By Douglas Wolk
“Marriage and motherhood don’t seem to have mellowed singer-songwriter/cult heroine Liz Phair,” the Boston Globe’s review of her new Whitechocolatespaceegg begins. “Now she’s a new mom, a mellow mom,” argues the Tennessean. “Motherhood hasn’t mellowed rock’s bad girl,” Newsweek claims, and Denver’s Rocky Mountain News chimes in, “Motherhood hasn’t mellowed the singer’s racy spirit.” Ah, but the on-line magazine Salon disagrees: “Yes, motherhood has mellowed Liz Phair.”
Beginning to sense a pattern here?
From the very start of her career, six years ago, Phair has provoked a certain kind of dick-first criticism from men and women alike. That infamous line from Exile in Guyville’s “Flower” (you know the one I mean) has endured a longer tour of duty than anything since “Hope I die before I get old.” But the reviews of Whitechocolate-spaceegg have mostly set a new standard for boneheaded, sexist music writing, proceeding from the assumptions that marriage and childbirth have been the most important changes in Phair’s work–as opposed to her life–and that she’s incapable of considering anything other than firsthand experience.

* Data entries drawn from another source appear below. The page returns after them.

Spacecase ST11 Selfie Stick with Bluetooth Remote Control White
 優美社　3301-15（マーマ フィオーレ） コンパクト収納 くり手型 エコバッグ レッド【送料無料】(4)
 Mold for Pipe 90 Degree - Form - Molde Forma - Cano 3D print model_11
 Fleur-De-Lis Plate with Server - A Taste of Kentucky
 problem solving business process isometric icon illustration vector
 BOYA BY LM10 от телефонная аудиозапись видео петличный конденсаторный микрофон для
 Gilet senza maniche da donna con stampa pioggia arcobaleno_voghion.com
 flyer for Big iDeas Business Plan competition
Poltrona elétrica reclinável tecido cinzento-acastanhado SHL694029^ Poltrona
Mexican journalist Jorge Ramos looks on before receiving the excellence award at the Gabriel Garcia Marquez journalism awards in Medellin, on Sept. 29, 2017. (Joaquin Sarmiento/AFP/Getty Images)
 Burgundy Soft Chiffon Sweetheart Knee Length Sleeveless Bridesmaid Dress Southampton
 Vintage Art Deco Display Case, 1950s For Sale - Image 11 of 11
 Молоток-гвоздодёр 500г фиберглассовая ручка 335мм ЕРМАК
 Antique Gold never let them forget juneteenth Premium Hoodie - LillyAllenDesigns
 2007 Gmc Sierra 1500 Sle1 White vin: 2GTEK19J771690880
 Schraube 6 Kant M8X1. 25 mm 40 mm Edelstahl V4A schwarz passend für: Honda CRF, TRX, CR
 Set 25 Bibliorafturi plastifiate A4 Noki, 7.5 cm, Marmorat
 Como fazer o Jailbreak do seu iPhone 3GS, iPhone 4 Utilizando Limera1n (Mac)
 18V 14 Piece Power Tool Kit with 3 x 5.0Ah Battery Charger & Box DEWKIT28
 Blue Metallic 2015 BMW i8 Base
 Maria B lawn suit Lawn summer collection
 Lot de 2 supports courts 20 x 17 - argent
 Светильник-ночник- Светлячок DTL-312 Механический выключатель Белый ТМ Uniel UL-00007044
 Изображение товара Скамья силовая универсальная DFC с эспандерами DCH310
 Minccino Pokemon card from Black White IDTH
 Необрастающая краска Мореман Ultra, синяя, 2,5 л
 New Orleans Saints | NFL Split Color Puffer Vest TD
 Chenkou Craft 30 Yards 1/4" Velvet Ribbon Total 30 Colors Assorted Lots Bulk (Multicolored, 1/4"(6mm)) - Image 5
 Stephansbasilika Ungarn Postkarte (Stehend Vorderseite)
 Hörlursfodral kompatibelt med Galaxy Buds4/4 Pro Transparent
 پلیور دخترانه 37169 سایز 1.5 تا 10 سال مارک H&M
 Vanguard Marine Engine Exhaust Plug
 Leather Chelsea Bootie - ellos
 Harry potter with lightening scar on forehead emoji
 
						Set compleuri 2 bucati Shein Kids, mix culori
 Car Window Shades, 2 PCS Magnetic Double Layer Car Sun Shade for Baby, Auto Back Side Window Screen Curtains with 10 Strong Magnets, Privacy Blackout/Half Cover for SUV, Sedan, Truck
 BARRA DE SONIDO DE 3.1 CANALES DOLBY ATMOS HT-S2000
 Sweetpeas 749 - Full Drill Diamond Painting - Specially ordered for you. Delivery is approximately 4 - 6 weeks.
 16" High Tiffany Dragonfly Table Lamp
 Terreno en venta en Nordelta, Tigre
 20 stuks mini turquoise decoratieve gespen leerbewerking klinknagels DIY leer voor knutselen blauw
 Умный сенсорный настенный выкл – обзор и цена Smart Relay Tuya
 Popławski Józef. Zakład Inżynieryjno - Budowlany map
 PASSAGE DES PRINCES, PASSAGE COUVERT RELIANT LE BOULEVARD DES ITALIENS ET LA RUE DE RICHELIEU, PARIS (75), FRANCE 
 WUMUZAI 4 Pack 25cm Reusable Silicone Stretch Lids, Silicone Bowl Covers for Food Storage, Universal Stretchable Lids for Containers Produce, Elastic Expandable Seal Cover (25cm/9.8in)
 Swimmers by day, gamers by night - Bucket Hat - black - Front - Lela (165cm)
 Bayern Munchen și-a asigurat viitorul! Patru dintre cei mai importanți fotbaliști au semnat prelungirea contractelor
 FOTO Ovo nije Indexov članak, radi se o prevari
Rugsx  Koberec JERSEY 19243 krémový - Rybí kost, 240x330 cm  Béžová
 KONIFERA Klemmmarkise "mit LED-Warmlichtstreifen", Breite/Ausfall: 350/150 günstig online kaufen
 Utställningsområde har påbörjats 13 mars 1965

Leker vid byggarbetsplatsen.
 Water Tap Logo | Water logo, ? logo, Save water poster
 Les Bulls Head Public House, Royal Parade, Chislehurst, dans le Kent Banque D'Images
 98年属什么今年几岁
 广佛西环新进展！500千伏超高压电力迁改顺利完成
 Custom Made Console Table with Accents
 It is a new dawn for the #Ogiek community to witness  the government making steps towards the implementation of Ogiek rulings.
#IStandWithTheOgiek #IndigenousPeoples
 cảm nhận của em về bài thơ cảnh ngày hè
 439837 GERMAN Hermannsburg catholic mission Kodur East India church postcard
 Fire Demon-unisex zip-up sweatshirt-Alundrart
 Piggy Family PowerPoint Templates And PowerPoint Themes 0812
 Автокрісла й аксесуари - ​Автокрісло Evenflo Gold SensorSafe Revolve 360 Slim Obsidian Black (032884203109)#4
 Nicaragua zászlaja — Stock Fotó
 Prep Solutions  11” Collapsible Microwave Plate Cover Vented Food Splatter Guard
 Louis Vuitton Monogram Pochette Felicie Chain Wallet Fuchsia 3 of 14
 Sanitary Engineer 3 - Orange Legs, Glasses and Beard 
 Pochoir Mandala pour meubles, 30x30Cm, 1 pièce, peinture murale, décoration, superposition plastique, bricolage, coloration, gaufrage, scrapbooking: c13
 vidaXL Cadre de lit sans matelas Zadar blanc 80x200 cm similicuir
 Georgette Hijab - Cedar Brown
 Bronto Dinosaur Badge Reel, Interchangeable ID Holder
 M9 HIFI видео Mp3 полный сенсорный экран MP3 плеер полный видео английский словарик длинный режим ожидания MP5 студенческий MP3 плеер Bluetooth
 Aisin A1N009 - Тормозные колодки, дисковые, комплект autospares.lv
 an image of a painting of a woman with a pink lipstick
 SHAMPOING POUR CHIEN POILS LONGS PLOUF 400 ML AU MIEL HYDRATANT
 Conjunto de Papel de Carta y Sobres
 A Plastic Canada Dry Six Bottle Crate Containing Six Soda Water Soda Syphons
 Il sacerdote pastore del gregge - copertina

That’s a weird way to approach an artist who often writes in first-person personae that are implicitly or explicitly not her and likes to play is-this-me-or-isn’t-it games with the photos on her album sleeves. Robert Christgau (the only writer I’ll name here, in the interest of protecting the guilty) gets it right in the Village Voice: “To assume Phair’s sex lyrics were strictly autobiographical was always to forget how songwriters of her caliber work–projecting, fictionalizing, stealing other people’s stories, making stuff up out of whole cloth.” Exile in Guyville’s “Divorce Song” is a dead-on snapshot of the moment a marriage collapses: you don’t need to have been married to understand that, and, more to the point, Phair didn’t need to have been married to write it. But the suburban Daily Herald notes that the chorus of “Shitloads of Money” (“It’s nice to be liked / But it’s better by far to get paid”) “smacks with the practicality only a new mother can have.” Actually that chorus first appeared in “Combo Platter,” the B side of “Supernova,” in 1994, before Phair’s son was even a gleam in her eye. The title track of Phair’s middle album, Whip-Smart, also from 1994, is a goofy, disturbing fantasia on raising a kid (“I’m gonna lock my son up in a tower till he learns to let his hair down far enough to climb outside”); you can bet that if it were on the new album, it would be held up likewise.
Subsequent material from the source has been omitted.